Tot hier mijn algemene overzicht over privacy. Ik hoop dat het tenminste voor een deel een duidelijker theoretisch kader geeft van de meest algemene concepten rondom privacy.

Bovenstaande is zeker geen uitputtende behandeling van dit thema, maar daarvoor is mijn ruimte hier simpelweg te beperkt. Aan het eind van dit artikel staat een korte bibliografie voor wie zich dieper wil inlezen.

Als privacy wegvalt

In het vervolg van dit artikel zal ik gebruik maken van het artikel“Driving to the Panopticon,A Philosophical Exploration of the Risks to Privacy Posed by the Highway Technology of the Future”[vi] van Jeremy H. Reiman,een politiek filosoof die onder meer werkzaam was op het gebied van privacy en identiteit.

De onderliggende vraag die ik stel is: wat zijn de risico’s als er inbreuk op onze privacy gemaakt wordt? Wat gaat er nu eigenlijk verloren?

Materiele schade

De meest voor de hand liggende schade, en degene die het meest in het oog springt is natuurlijk materiële schade. Materiële schade kan toegebracht worden aan je lichaam, je persoonlijke bezit of kan te maken hebben met het beperken van je fysieke bewegingsvrijheid. Al deze vormen hebben raakvlakken met privacy.

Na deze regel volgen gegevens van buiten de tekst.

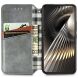 Чехол Deexe Rhombus Wallet для Xiaomi Poco F6 - Grey (355045H). Фото 2 из 9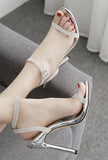 angi - sparkle studded sandals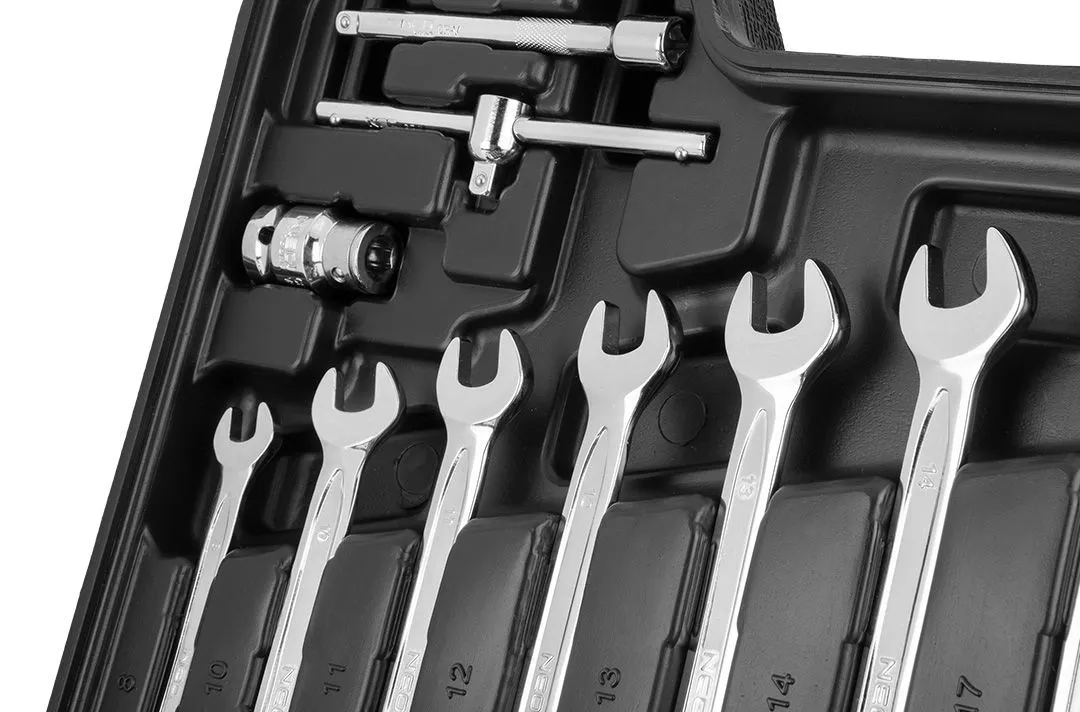 Набір інструментів 82шт, 1/2", 1/4", CrV, кейс Neo Tools (10-059) - Фото 5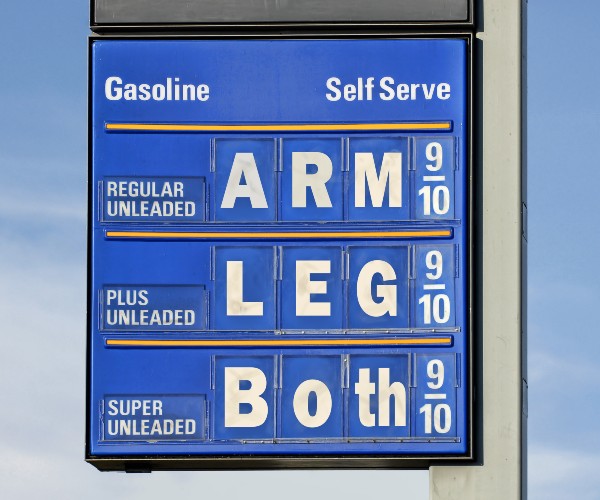 rising gas prices arm leg both 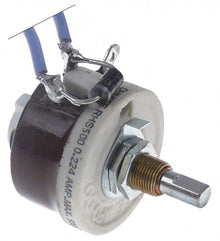 potentiometer 0,5KOhm rotation angle 270° cable length 450mm shaft length 19mm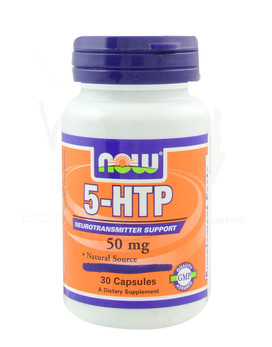 5-HTP 30 cápsulas - NOW FOODS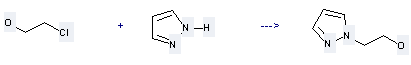 1-(2-Hydroxyethyl)-pyrazole can be prepared by 1H-pyrazole and 2-chloro-ethanol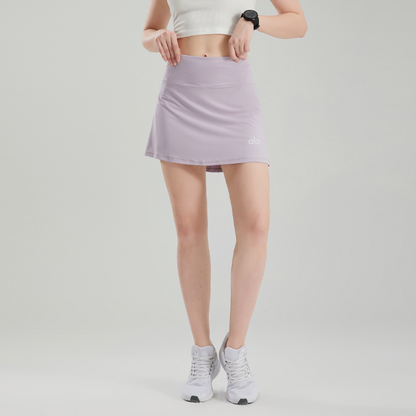 zalo3118  Women's naked training, running, fitness, yoga short skirt, anti glare double-layer quick drying tennis skirt clothing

Als bijvoorbeeld je privé-gegevens op straat komen te liggen, word je blootgesteld aan een aantal gevaren die je anders niet tegenkomt. Denk hierbij aan de meest directe vormen: inbraak, roof, ontvoering, verkrachting en ander geweld. Bij al deze vormen komt iemand je privésfeer binnen, ofwel van je materiële bezit, of dat van je lichaam.

Bij inbraak breekt iemand letterlijk je privésfeer binnen en kan daar dan zijn gang gaan. Je bezit kan worden ontvreemd, of je bezit kan worden beschadigd.

Het buitmaken van je privé-gegevens zoals bankrekeningnummers, wachtwoorden, fysieke sleutels lijkt niet direct materieel, maar heeft meestal wel direct materiële gevolgen. Deze zaken zijn niet direct waardevol, maar geven wél direct toegang tot waarde. Zo kan het gebeuren dat er geen voorwerpen gestolen worden uit je woning, maar dat de inbraak wel financiële of materiële schade met zich meebrengt.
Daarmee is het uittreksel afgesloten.